# Exercise instructions
Output the run of lines that opens with the first line of the material below and closes with the line containing "Zwei Frauen in", both included, and drop the pictures.
○ ○ ○
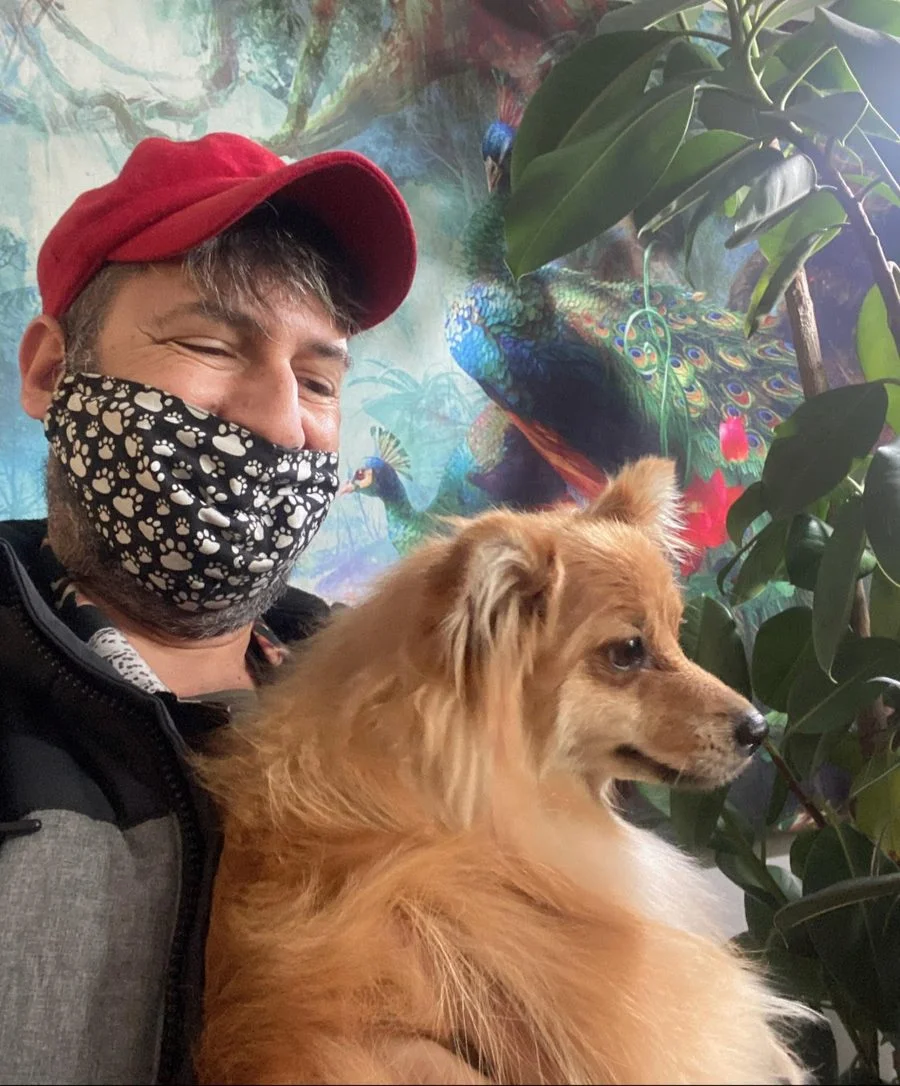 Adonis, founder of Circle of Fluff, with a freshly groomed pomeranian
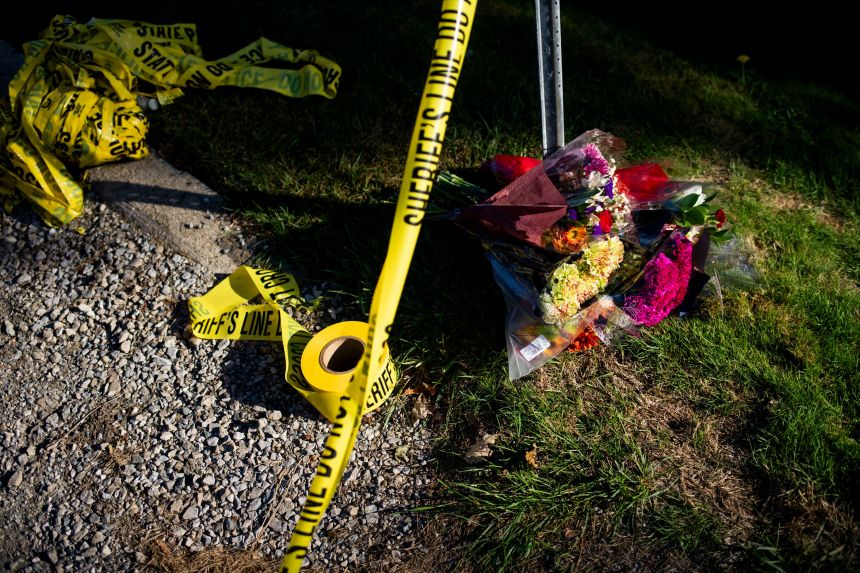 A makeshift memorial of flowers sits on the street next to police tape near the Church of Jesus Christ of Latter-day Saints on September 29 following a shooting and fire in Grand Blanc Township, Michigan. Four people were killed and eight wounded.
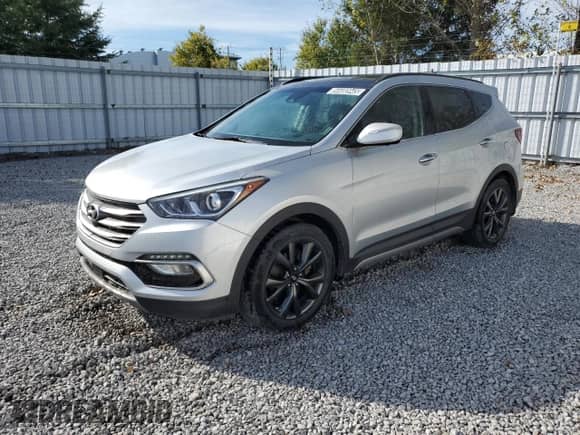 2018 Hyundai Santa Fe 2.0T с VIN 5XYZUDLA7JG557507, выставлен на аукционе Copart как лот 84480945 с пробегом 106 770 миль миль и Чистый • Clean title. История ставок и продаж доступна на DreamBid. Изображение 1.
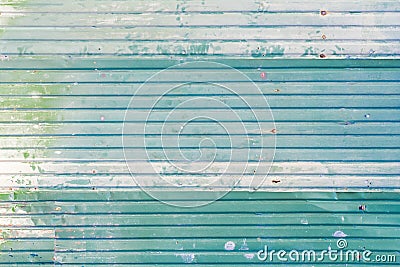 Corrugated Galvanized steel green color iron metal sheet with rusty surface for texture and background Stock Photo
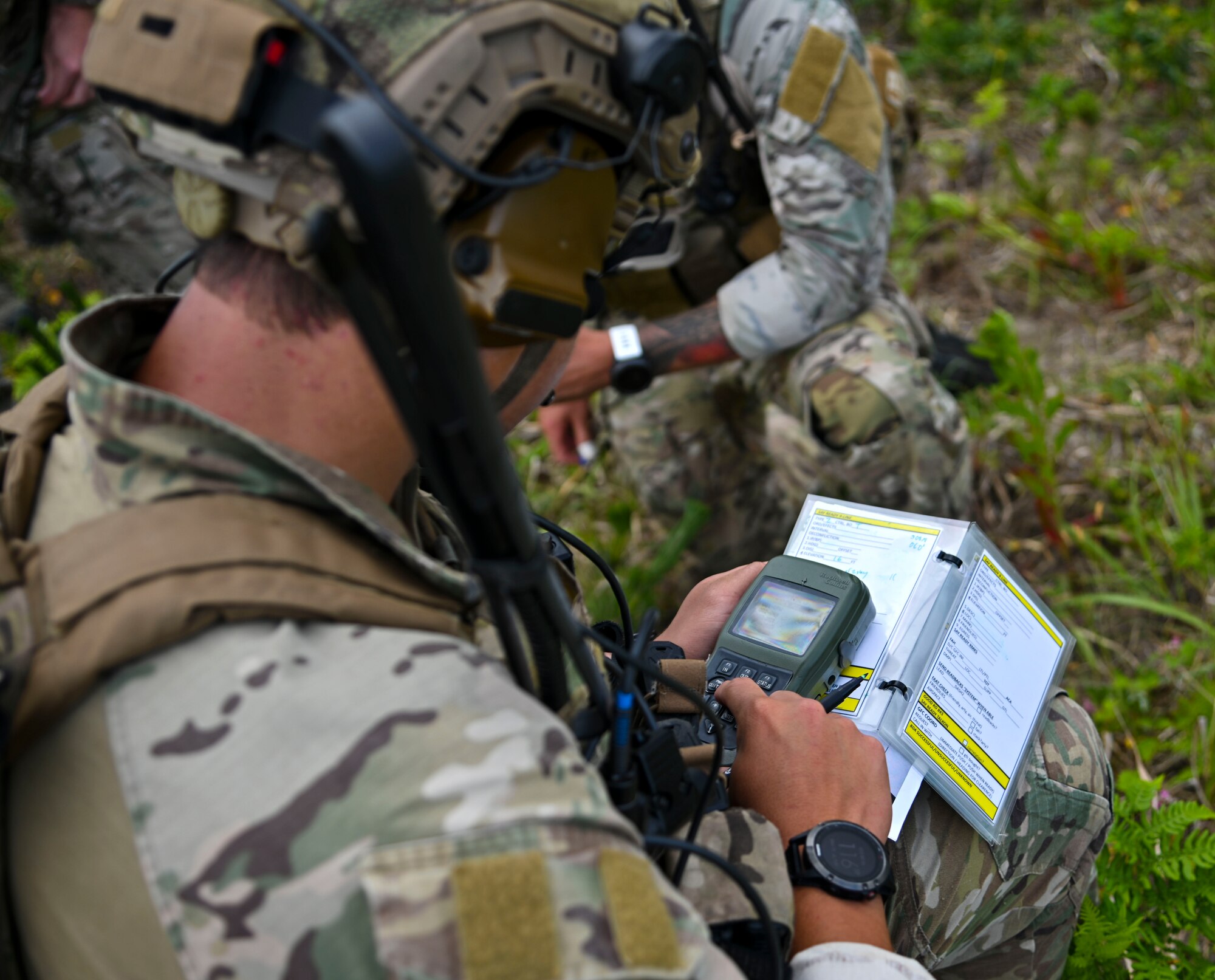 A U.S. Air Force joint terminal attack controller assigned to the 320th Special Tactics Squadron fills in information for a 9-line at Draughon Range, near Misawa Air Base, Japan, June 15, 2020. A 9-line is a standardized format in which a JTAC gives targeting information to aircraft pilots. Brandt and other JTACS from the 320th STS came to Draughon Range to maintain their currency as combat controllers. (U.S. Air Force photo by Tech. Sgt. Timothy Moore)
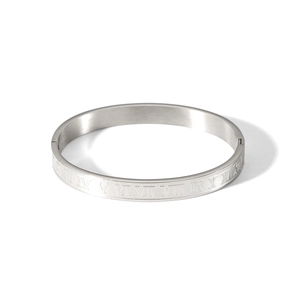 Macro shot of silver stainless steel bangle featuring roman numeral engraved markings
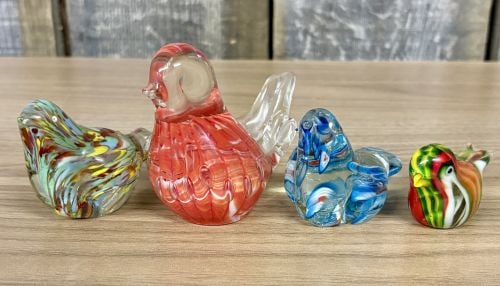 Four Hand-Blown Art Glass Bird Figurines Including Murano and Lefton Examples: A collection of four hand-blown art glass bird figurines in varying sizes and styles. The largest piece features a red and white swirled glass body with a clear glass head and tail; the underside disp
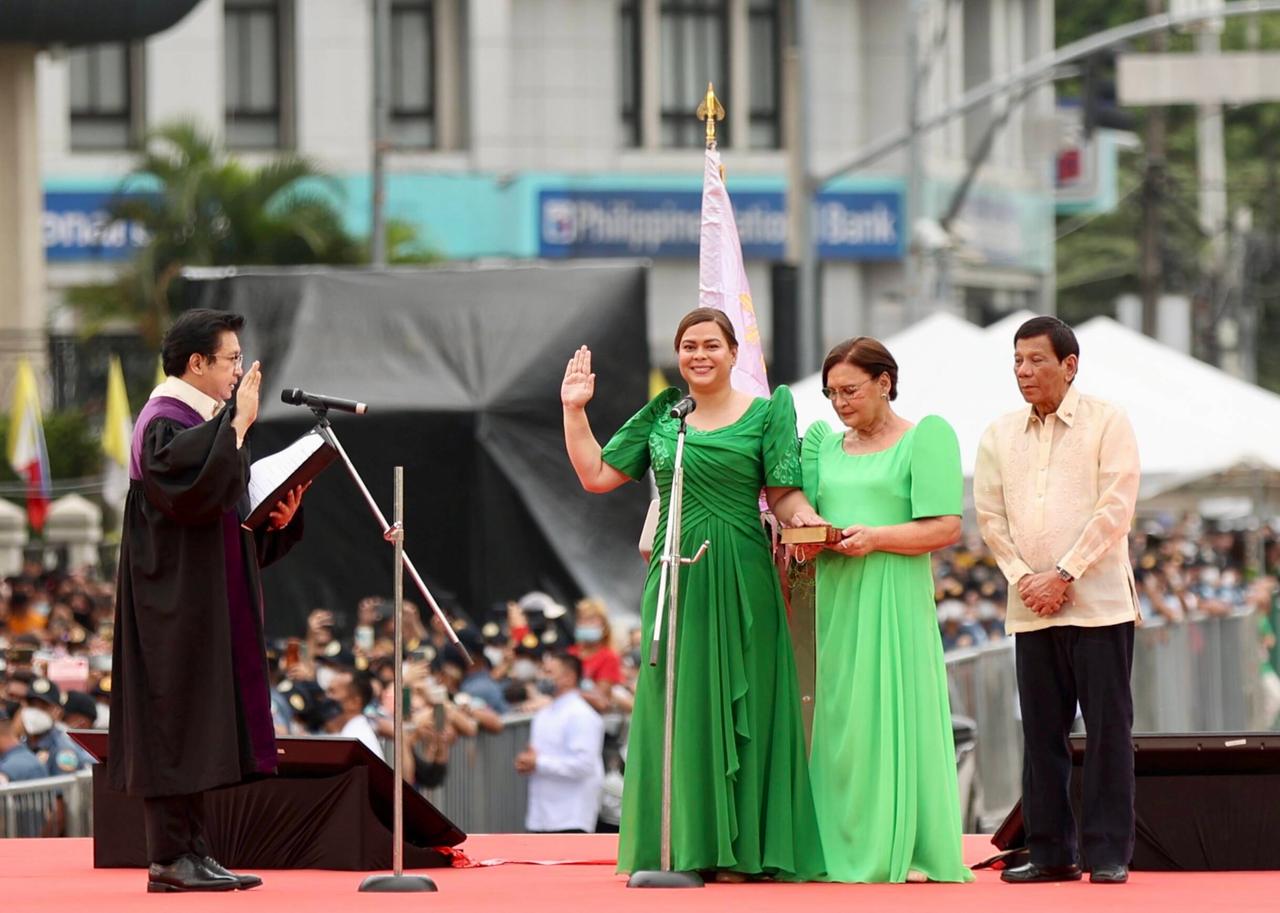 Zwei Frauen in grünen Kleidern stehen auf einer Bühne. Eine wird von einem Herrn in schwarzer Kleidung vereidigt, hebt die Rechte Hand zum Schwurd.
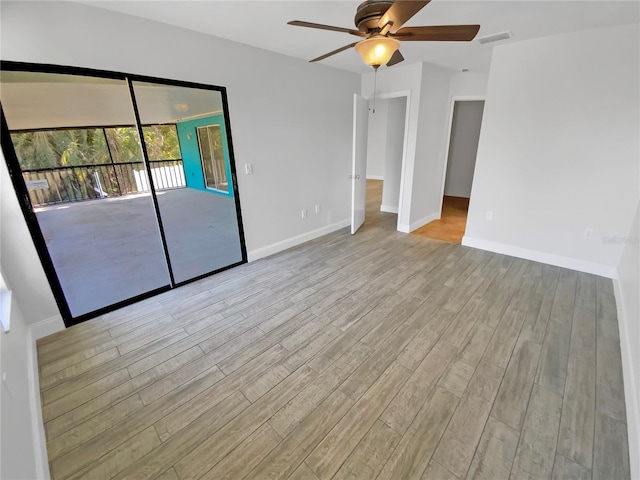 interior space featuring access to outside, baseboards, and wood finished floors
○ ○ ○
# Output
 Adonis, founder of Circle of Fluff, with a freshly groomed pomeranian
 A makeshift memorial of flowers sits on the street next to police tape near the Church of Jesus Christ of Latter-day Saints on September 29 following a shooting and fire in Grand Blanc Township, Michigan. Four people were killed and eight wounded.
 2018 Hyundai Santa Fe 2.0T с VIN 5XYZUDLA7JG557507, выставлен на аукционе Copart как лот 84480945 с пробегом 106 770 миль миль и Чистый • Clean title. История ставок и продаж доступна на DreamBid. Изображение 1.
 Corrugated Galvanized steel green color iron metal sheet with rusty surface for texture and background Stock Photo
 A U.S. Air Force joint terminal attack controller assigned to the 320th Special Tactics Squadron fills in information for a 9-line at Draughon Range, near Misawa Air Base, Japan, June 15, 2020. A 9-line is a standardized format in which a JTAC gives targeting information to aircraft pilots. Brandt and other JTACS from the 320th STS came to Draughon Range to maintain their currency as combat controllers. (U.S. Air Force photo by Tech. Sgt. Timothy Moore)
 Macro shot of silver stainless steel bangle featuring roman numeral engraved markings
 Four Hand-Blown Art Glass Bird Figurines Including Murano and Lefton Examples: A collection of four hand-blown art glass bird figurines in varying sizes and styles. The largest piece features a red and white swirled glass body with a clear glass head and tail; the underside disp
 Zwei Frauen in grünen Kleidern stehen auf einer Bühne. Eine wird von einem Herrn in schwarzer Kleidung vereidigt, hebt die Rechte Hand zum Schwurd.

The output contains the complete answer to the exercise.